● **About this exercise**
Below are records to retype exactly, except for the pictures.

::::::::

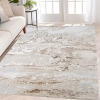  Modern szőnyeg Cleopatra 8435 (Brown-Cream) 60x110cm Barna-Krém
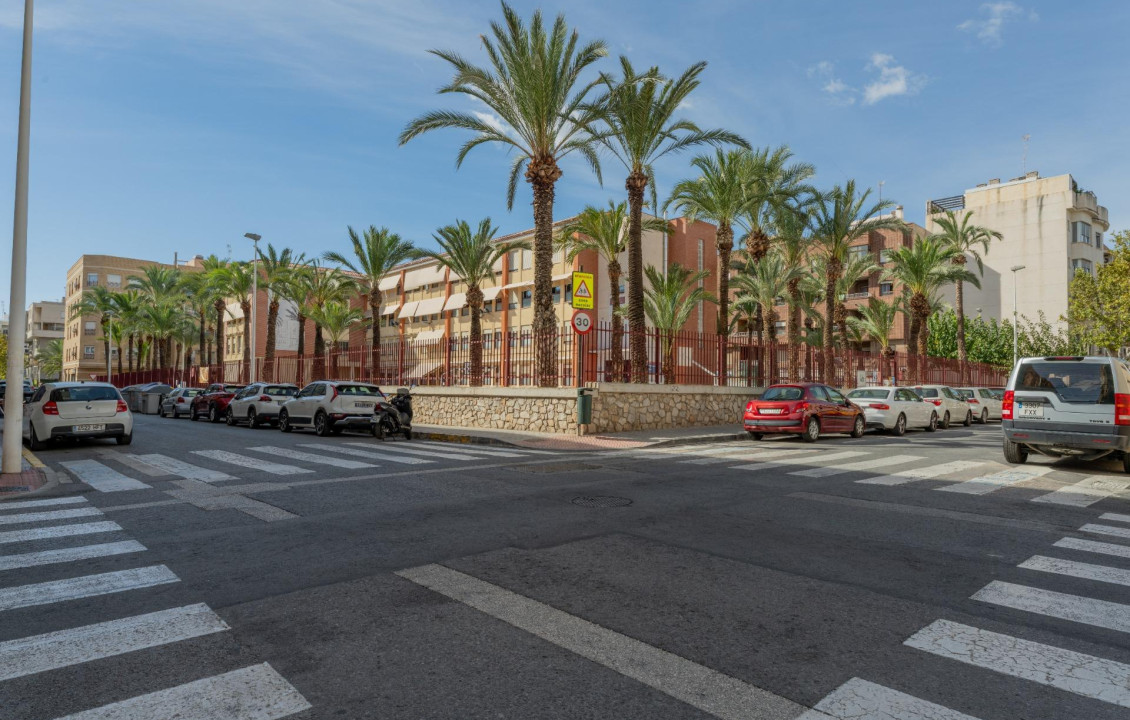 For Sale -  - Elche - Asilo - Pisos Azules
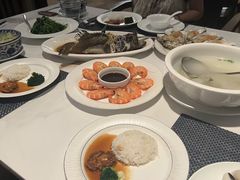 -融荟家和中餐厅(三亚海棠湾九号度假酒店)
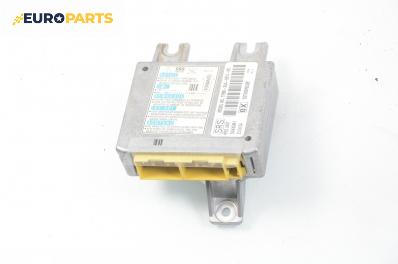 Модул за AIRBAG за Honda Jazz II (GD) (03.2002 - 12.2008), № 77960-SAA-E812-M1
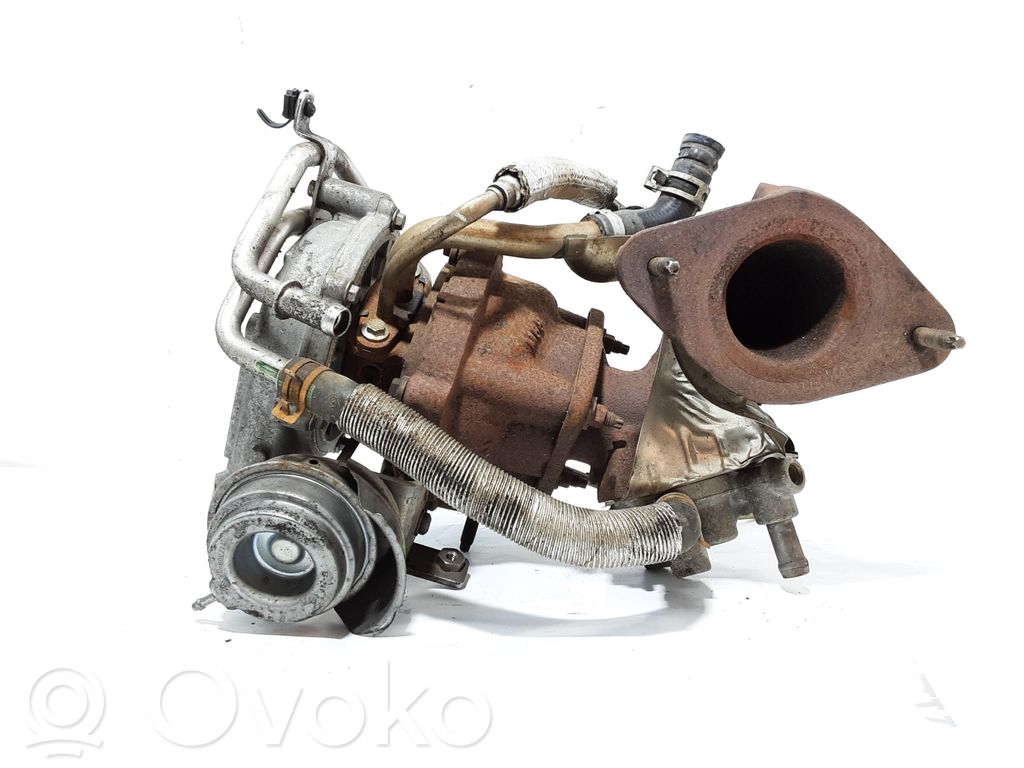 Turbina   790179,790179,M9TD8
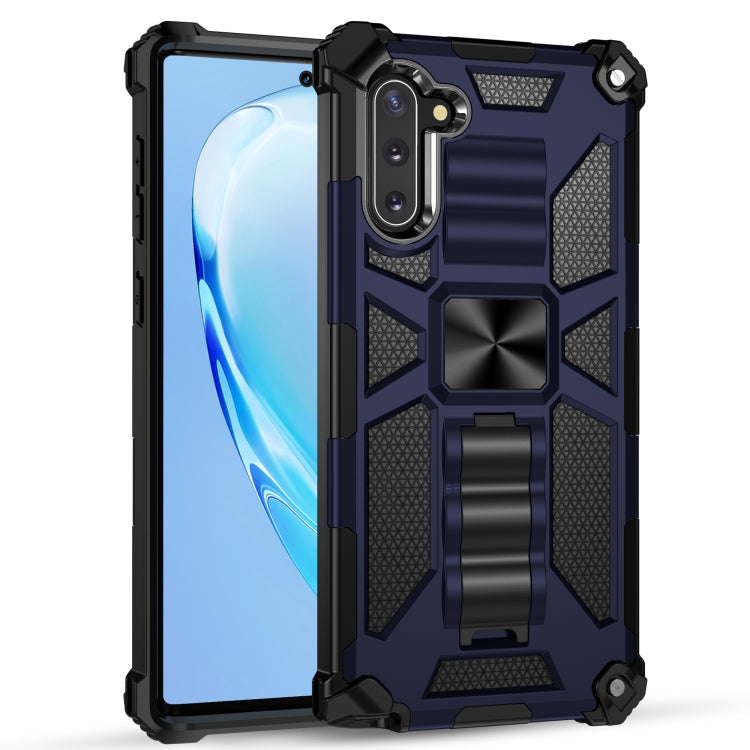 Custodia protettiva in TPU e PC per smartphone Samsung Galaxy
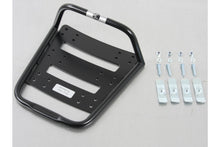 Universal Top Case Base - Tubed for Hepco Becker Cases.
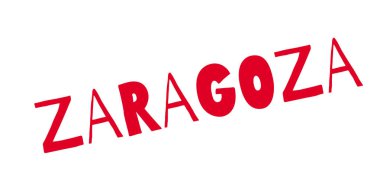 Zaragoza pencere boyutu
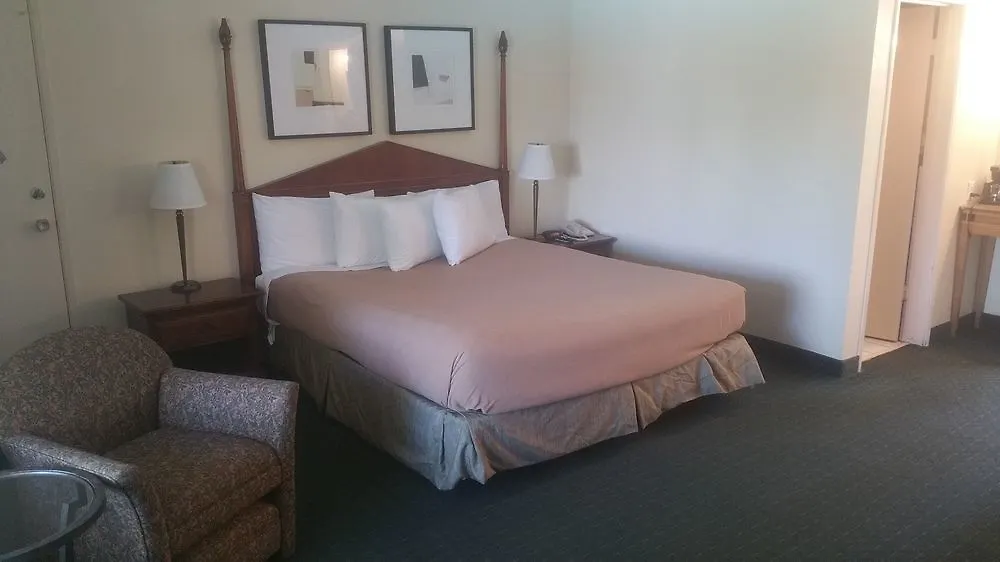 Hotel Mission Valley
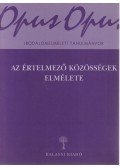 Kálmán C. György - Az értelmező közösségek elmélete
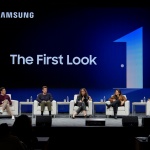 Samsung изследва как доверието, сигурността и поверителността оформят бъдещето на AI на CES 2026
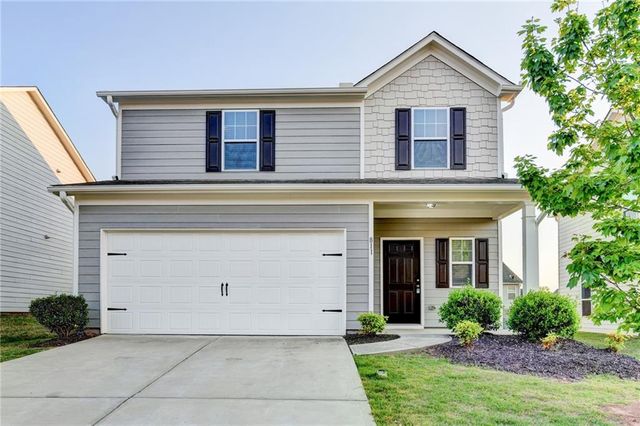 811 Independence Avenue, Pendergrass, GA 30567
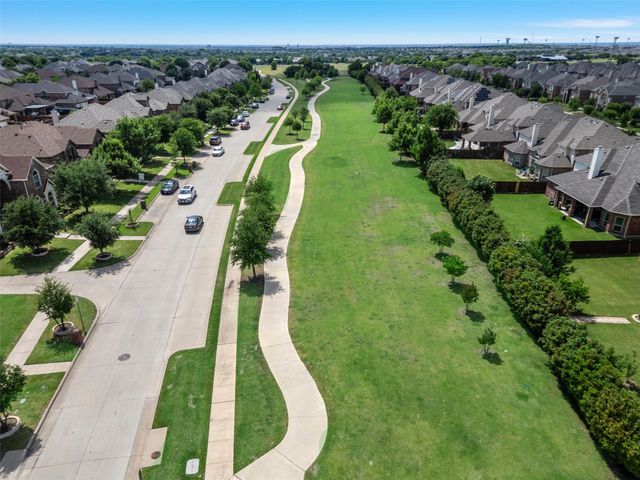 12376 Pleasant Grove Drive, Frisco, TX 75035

::::::::

● **Solution**
  Modern szőnyeg Cleopatra 8435 (Brown-Cream) 60x110cm Barna-Krém
 For Sale -  - Elche - Asilo - Pisos Azules
 -融荟家和中餐厅(三亚海棠湾九号度假酒店)
 Модул за AIRBAG за Honda Jazz II (GD) (03.2002 - 12.2008), № 77960-SAA-E812-M1
 Turbina   790179,790179,M9TD8
 Custodia protettiva in TPU e PC per smartphone Samsung Galaxy
 Universal Top Case Base - Tubed for Hepco Becker Cases.
 Zaragoza pencere boyutu
 Hotel Mission Valley
 Kálmán C. György - Az értelmező közösségek elmélete
 Samsung изследва как доверието, сигурността и поверителността оформят бъдещето на AI на CES 2026
 811 Independence Avenue, Pendergrass, GA 30567
 12376 Pleasant Grove Drive, Frisco, TX 75035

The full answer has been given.